In July, Chicago Public Schools borrowed $500 million in long-term, high-interest loans. These loans, taken out at interest rates between 7.25-7.65 percent, will cost the district more than $850 million in interest costs alone for a total cost of $1.35 billion, according to a Chicago Tribune analysis.
CPS will pay off the loans over 25 years, paying roughly $35 million a year in interest. Adjusted for inflation, the total value of the interest on the loan is roughly $405 million.
As the Tribune notes, by the time the loan is paid off, CPS students entering kindergarten this fall will be in their mid-30s.

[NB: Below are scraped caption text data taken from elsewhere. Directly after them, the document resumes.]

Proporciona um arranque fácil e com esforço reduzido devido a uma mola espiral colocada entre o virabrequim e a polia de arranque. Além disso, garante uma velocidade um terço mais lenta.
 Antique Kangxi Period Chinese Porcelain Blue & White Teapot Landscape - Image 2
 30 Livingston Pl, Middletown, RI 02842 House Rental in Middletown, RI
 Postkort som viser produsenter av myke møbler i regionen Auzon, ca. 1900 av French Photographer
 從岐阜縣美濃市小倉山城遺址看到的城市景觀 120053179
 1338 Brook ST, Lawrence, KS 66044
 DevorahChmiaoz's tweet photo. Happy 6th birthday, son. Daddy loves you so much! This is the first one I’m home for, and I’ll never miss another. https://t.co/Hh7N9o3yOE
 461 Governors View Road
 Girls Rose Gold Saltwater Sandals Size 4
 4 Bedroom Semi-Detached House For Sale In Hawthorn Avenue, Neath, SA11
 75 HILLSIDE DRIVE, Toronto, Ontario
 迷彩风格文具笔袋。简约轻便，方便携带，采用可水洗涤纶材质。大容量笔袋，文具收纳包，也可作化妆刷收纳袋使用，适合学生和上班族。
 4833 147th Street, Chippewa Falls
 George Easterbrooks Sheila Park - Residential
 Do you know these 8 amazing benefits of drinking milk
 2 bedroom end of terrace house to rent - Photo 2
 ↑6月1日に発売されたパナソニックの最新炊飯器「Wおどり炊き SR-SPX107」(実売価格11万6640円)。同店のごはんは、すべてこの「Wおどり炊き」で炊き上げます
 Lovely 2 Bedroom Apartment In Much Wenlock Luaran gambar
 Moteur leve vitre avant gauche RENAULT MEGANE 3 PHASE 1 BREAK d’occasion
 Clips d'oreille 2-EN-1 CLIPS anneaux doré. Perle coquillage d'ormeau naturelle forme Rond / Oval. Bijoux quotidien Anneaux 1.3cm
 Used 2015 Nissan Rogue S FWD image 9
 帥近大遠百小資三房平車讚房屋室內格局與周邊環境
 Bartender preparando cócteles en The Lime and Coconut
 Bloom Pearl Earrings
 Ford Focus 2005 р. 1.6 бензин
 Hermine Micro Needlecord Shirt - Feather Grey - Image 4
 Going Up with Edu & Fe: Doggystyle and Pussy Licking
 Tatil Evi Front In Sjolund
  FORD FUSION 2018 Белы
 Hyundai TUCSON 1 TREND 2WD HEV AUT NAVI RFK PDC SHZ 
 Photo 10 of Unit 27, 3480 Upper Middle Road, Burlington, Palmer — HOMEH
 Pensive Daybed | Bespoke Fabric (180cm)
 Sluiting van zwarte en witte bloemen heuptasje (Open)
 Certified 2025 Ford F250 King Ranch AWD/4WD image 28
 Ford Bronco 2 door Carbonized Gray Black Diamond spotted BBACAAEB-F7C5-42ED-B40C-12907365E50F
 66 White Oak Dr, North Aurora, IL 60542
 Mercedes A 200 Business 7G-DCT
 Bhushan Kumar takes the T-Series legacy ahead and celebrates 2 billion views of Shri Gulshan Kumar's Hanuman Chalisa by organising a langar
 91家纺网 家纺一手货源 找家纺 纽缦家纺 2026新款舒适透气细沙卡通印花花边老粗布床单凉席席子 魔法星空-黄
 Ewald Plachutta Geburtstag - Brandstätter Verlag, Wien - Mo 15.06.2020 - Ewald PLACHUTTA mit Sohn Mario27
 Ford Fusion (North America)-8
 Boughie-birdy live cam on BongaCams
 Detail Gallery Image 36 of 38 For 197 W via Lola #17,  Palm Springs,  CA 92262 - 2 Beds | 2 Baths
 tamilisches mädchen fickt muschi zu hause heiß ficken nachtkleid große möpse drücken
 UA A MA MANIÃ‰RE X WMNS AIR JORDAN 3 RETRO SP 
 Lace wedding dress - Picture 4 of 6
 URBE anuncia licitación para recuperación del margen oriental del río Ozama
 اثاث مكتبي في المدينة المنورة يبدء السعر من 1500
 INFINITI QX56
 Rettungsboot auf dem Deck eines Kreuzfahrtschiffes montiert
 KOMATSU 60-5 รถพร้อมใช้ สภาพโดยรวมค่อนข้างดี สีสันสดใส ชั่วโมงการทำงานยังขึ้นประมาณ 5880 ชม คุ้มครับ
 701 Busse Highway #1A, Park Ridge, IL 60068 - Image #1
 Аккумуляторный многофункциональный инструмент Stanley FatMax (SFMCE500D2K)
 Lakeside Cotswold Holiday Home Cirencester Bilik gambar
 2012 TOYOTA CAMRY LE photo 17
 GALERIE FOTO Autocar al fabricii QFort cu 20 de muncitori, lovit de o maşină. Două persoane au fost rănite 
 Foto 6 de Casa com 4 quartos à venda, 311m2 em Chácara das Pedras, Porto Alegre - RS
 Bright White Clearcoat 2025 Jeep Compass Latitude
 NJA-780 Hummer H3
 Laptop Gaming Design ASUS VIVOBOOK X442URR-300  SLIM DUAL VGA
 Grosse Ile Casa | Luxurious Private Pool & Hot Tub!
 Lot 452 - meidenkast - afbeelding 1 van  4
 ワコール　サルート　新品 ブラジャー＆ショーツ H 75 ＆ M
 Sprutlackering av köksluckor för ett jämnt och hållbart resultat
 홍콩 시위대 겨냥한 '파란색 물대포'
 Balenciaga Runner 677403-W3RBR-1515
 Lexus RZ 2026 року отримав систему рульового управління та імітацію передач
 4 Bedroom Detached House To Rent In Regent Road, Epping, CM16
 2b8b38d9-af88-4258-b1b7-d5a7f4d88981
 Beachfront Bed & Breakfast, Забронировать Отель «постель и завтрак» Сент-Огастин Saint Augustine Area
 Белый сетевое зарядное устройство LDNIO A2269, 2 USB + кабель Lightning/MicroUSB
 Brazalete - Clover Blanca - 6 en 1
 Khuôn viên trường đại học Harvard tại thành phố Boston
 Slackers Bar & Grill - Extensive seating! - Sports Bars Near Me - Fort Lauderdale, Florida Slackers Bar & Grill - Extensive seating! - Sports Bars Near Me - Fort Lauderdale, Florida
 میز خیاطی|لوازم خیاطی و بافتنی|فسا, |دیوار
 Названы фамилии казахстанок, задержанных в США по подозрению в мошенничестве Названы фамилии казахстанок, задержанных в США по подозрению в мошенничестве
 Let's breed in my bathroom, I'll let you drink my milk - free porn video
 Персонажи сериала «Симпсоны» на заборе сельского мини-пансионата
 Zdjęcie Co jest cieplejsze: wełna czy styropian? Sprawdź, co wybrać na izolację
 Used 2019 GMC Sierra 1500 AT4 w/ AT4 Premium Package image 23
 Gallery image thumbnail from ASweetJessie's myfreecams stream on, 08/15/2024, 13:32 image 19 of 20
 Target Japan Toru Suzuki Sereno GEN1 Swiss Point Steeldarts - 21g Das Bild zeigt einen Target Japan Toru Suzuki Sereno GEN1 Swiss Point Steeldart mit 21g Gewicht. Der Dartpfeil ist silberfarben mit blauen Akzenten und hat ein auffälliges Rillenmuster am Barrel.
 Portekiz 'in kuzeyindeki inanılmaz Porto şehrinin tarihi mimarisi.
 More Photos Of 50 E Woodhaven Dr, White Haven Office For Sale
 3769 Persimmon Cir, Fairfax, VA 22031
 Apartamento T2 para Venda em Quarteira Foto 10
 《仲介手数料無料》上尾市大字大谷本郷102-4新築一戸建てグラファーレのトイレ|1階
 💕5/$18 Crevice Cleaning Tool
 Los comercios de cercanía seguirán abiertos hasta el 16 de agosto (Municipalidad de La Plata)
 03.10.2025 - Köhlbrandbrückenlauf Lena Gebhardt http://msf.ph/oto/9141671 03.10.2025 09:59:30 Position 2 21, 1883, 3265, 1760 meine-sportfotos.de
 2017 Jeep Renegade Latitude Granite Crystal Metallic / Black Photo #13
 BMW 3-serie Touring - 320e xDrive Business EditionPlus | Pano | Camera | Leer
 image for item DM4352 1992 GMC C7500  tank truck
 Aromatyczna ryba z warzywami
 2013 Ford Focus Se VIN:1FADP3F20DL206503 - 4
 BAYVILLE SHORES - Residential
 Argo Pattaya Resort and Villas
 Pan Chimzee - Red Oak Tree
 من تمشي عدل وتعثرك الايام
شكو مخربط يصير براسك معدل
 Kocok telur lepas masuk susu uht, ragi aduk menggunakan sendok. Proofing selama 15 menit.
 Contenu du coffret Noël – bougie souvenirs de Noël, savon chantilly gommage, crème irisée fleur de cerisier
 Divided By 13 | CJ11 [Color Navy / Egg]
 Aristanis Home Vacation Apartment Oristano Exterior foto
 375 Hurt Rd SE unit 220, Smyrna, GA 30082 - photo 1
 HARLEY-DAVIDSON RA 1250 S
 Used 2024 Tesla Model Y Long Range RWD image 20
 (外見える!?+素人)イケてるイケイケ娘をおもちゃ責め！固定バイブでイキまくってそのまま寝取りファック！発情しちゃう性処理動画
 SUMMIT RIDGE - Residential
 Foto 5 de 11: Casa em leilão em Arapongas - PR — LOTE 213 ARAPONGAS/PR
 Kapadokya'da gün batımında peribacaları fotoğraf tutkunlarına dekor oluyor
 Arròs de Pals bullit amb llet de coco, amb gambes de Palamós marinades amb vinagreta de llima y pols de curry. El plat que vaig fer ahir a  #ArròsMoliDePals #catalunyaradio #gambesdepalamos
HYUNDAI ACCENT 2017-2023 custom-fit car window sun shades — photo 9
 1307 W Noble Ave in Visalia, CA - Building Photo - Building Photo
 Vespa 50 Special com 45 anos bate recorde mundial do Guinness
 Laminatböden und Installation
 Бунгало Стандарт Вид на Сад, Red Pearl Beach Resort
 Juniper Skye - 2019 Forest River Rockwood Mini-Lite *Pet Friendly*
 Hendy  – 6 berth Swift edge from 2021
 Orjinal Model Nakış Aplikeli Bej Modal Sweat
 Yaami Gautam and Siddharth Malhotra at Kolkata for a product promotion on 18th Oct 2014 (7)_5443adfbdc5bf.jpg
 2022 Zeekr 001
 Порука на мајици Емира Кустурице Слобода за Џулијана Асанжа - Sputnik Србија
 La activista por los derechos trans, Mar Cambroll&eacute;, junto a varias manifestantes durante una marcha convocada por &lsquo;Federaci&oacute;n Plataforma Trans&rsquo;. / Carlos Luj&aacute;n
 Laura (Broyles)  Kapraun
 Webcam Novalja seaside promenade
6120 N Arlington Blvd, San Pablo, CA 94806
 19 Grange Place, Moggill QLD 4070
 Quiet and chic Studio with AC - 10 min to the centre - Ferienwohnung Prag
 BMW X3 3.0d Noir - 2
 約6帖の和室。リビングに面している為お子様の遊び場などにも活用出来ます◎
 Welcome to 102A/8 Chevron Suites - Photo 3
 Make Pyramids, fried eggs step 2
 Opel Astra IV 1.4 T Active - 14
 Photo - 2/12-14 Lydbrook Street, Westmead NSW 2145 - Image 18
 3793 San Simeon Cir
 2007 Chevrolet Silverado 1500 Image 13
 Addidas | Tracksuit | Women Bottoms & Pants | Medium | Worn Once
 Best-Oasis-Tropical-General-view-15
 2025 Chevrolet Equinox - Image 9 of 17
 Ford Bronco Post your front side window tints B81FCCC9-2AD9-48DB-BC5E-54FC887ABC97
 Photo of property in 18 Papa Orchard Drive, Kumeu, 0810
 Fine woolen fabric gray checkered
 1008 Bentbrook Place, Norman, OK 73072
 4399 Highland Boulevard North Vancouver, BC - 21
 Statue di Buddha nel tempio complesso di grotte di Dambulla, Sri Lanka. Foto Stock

The district plans to use $229 million from the $500 million loan to recoup losses on bonds from previous years. The district will also reimburse itself $31 million in capital expenses from past years, the Tribune explains. This tactic of using new loans to pay off old debts is known as “scoop and toss,” a method of covering deficits used by various city bodies.
While CPS funnels more money toward exorbitant interest costs due to years of financial recklessness, Illinois lawmakers are attempting to bail out CPS as part of the state’s new education funding plan.
If CPS is unable to secure funding from the state to pay off the loan, the district has stated it plans to look to property taxes to pay off its increasing debts.
The $500 million long-term loan came shortly after the district borrowed $387 millionin short-term loans from JPMorgan to cover a pension payment and generated nearly $70,000 in interest a day over the summer.
Despite having taken out a total of $887 million in loans over the last two months, CPS students and parents may not notice any large improvements in the classroom come fall, as CPS has used its dependency on short-term borrowing to make payments on pension debt rather than using the money to fund classrooms.